The designation of a low-ranking American colonel and a Philippine commodore as the only signatories to an agreement with foreign policy implications clearly shows the trickery with which this agreement was crafted. Now, middle level officers of our armed forces may be designated to sign documents on significant defense and foreign policy implications. Worse, the MLSA immediately purports to be a mere “administrative” or “accounting” agreement between the United States armed forces and the Philippine armed forces, when in fact, it will overturn the 1991 Senate Resolution of Non-concurrence that terminated U.S. military presence on Philippine soil. It even ignores the constitutional provision that specifies that such kinds of agreements on U.S. military presence, i.e. foreign troops, facilities and bases, require concurrence by two thirds of the Philippine Senate.

If militarists like retired army officers think that they can get away with this kind of deception and “slight trick” foisted on the Filipino people, they are wrong.

Filipinos do not want to be dragged into U.S. interventionary wars both within the Philippines and outside in what the agreement calls “cooperative efforts”, such as the imminent U.S. war with Iraq.
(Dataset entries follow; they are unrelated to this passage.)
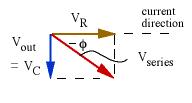 81 This is similar to y = mx + c; and from the 1/I 2 Vs 1/ω 2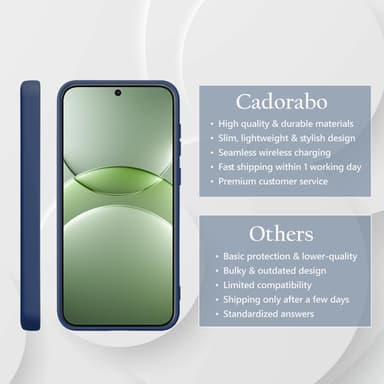 Huawei NOVA 13 Skal Fodral Case Cover (blå)
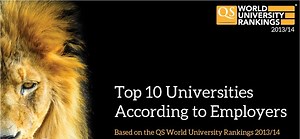 雇主声誉最高的10所大学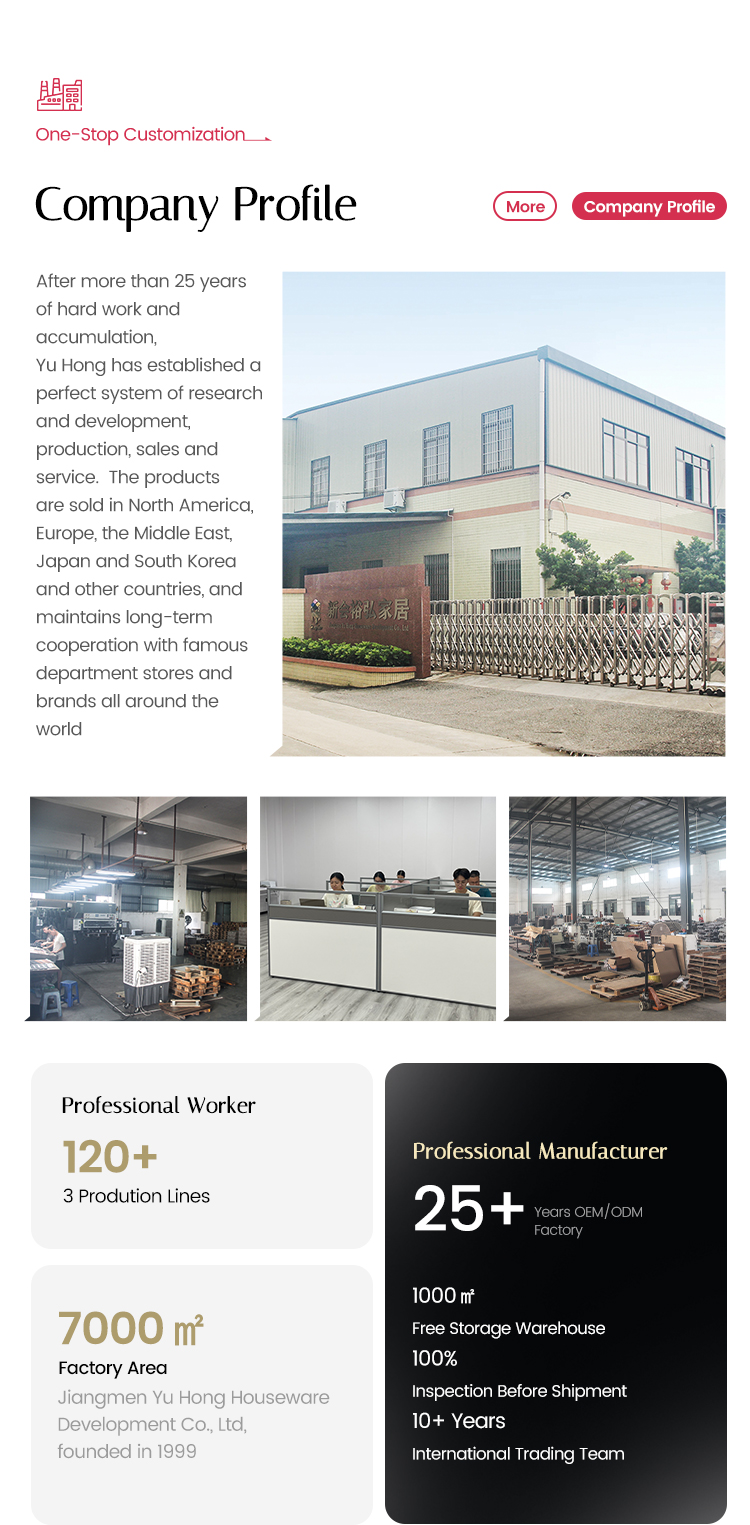 Company Profile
Nor do we want to be logistical and staging areas for U.S. military missions against other countries. These are the commitments made by the Philippines to the United States in the MLSA.

The fact that U.S. logistics and supplies are to be stockpiled in the Philippines under the agreement inevitably means that the U.S. armed forces will set up on Philippine soil some form of storage or stockpile facilities for these, including replenishment, re-fuelling and re-supply facilities. These would immediately violate the Philippine constitution that requires that “foreign military facilities” too in addition to “foreign military troops and bases” require a treaty ratified by the Philippine Senate. Otherwise, these would be illegal and unconstitutional.

The 1999 Visiting Forces Agreement(VFA) has , in recent years, already been reinvented to include all kinds of U.S. military activities on Philippine soil, including U.S. troops accompanying Filipino troops in combat zones and conflict areas. You can now imagine what the military which has now arrogated upon itself our foreign and defense policy without our Senate’s constitutional oversight , will now do with a document like the Mutual Logistics and Support Agreement(MLSA).

We the convenors and members of the Gathering for Peace, a coalition of 51 organizations, political blocks, coalitions, NGO’s and sectoral organizations hereby condemn the recently concluded signing of the RP-US Mutual Logistics and Support Agreement (MLSA).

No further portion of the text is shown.